Cuma, Nisan 24

2 Deplasman Arası 1 Final


Kupa Finali hakkında ilerleyen zamanlarda daha çok konuşuruz. Şimdi biraz nostalji yapalım. 2 deplasman arası oyanan finali hatırlatalım. Efsane sezon diyerek defalarca andığımız 2000-01'e bir yolculuk yapalım.

Bu sene kupa finali 13 Mayıs'ta oynanacak. Yeri belli değil ama İzmir ve Kayseri arasında gidip geliyor ağır abiler. Beşiktaş'ın fikstürü çok enteresan bu açıdan. 10 Mayıs'ta Ankaraspor ile 17 Mayıs'ta Ankaragücü ile oynayacak Beşiktaş. İki maç da Ankara'da. Yani takım İnönü'den bir çıkacak pir çıkacak ve sezonun düğümünü dışarda oynayacağı 3 maçla çözecek.

Bu durumun benzeri 2000-2001'de de yaşanmıştı. O zaman bu duruma düşen takım Fenerbahçe'ydi. Beşiktaş'ın bu senenin finalindeki rakibi. Ve asıl ilginç tesadüf o Fenerbahçe ile bu Beşiktaş'ın başındaki kişi aynı: Mustafa Denizli.

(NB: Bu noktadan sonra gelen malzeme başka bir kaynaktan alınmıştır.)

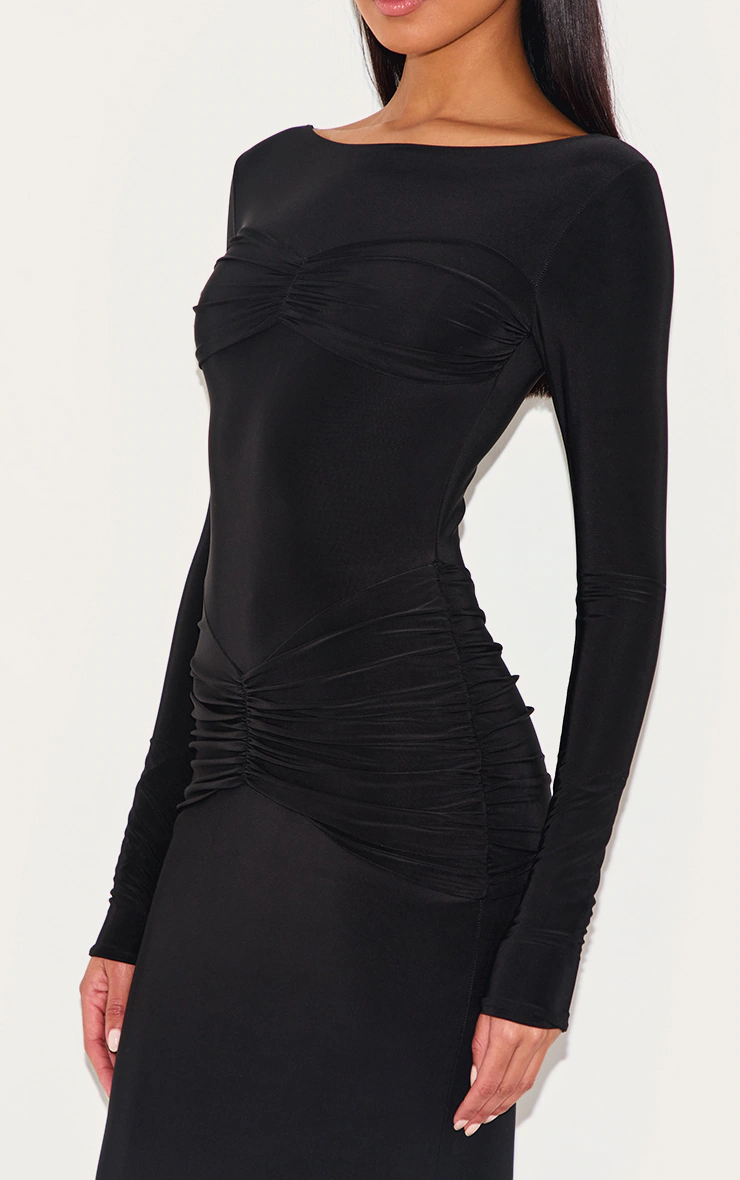 Black Sinky Ruched Panel Detail Maxi Dress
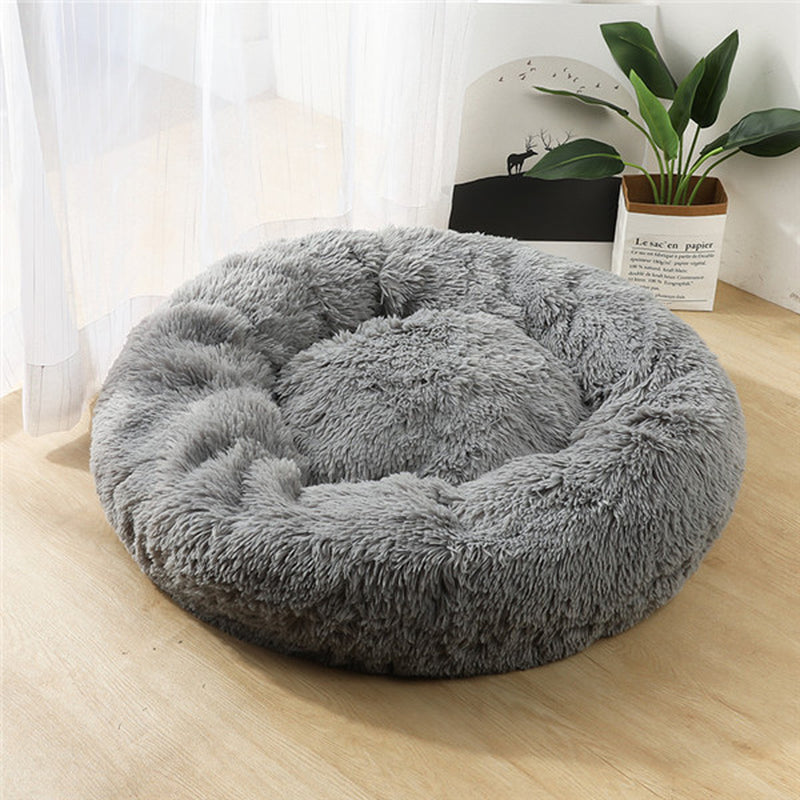 Round Plush Dog Beds for Small Dogs and Cats - Cozy Pet Nest Mat for Puppies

Bazı futbol ulemaları bu sezona "en zevkli sezon" desin bizim için 2001 baharı bambaşkaydı. Galatasaray şampiyonluğu kaybetmişti belki ama o sene yaşadıklarımız herşeye değerdi. Özele kaymasın. O sezon ligde 3 takım çekişiyordu. Fenerbahçe, Galatasaray ve Anadolu İhtilali'ni yapmaya bu sezonki Sivasspor'dan daha çok yaklaşan Gaziantepspor. Ligde ve kupada devam eden ise Fenerbahçe takımıydı. Bu sezon mayıs ayında Beşiktaş'ın başına gelecek olan durumu Fenerbahçe nisan ayında yaşamıştı.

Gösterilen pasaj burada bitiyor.